In economics textbooks and past history, illiquidity was prevented by a “reserve requirement”. Banks were unable to lend 100% of their deposits. Some had to be held in reserve as ready cash to meet withdrawals. This is why our central bank is called the Federal “Reserve”. With adequate reserves, a bank could cover withdrawals under normal circumstances and, after 1913, could borrow from the Fed if necessary.

In introductory economics courses, this “required reserve ratio” is usually 10% to ease calculations for the teacher’s whiteboard examples. However, in practice, in our nation, it is effectively zero.

Federal Deposit Insurance was also instituted to reduce failures due to lack of liquidity. If the audience is confident that they will always get $10,000 or $100,000 or, these days, $250,000, don’t worry.

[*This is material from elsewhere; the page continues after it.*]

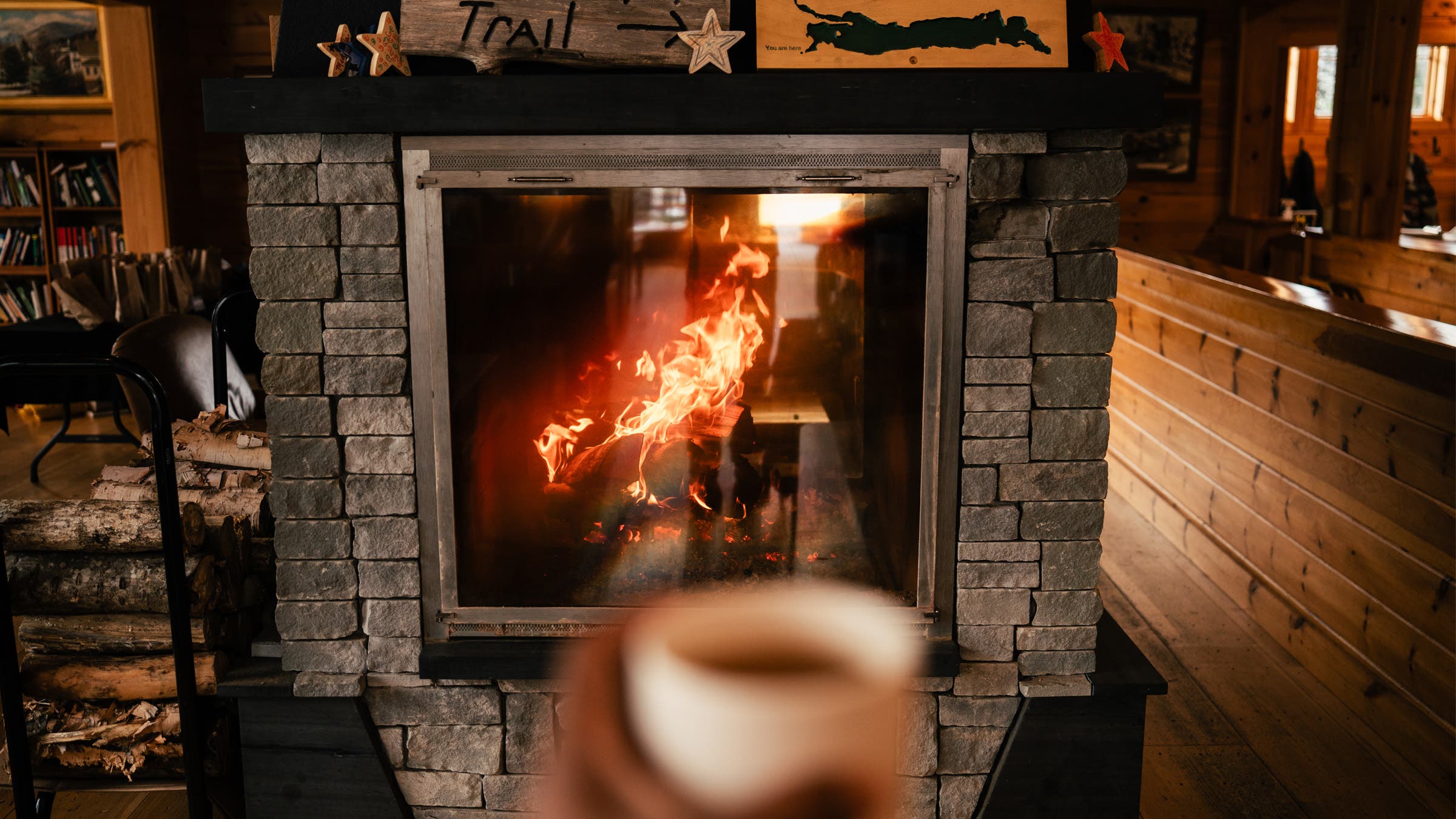 Warming by the fire at Medawisla Lodge in Maine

There are no angry crowds outside the banks.

However, as Silicon Valley Bank has learned, business depositors with accounts in the tens of millions can and do rush to withdraw. Even a large bank can be shut down due to lack of liquidity within days.

The vaccine against insolvency is owners’ equity, the fraction of assets owed to no one. Bank regulators monitor capital adequacy against state and federal banking laws. Capital will not always protect a bank from failure, but it can give regulators time to shut down the bank while all depositors can be paid.

The last economic lesson is that the “par” or “face” value of a bond or promissory note and its market value on a given day can vary widely. The failure of SVB confounds many and is unique in that most of its assets were not risky loans to businesses or individuals, as in 2007-08. They were in long-term Treasury bonds. There has never been a case where such a bond failed to pay both interest and principal when due. US Treasuries are the quintessential zero-risk investment. And no one questions that in this case.

So what happened?

Well, if you have a piece of paper that says US Treasuries, 30 years, $10,000 at 2.98%, you’ll get $298 every year and $10,000 at the end of 30 years. No risk.

However, if interest rates rise, as they have for the past year, and investors can get other pieces of paper by offering $420 a year and $10,000 back at the end, and suddenly you need cash and have to sell your piece of paper to any willing buyer, no one will give you the face value of $10,000. Why should they get $298 a year instead of $420? So you should sell it for a lot less than you would get if you kept it for another 29 years. That 2.98% versus 4.2% is the spread on the 30-year Treasury between August and December 2022.

So SVB had assets that were perfectly “safe” to cover long-term deposit obligations, but could not sell its bonds to obtain short-term cash. And its Big Tech depositors—with more than 90 percent well over the FDIC-insured account limit—wanted their cash.

So all of this is background to the key policy question: When – and why – should the government, through its bank regulatory and insurance agencies, step in to prevent banks from failing? This is a complicated question that deserves its own column.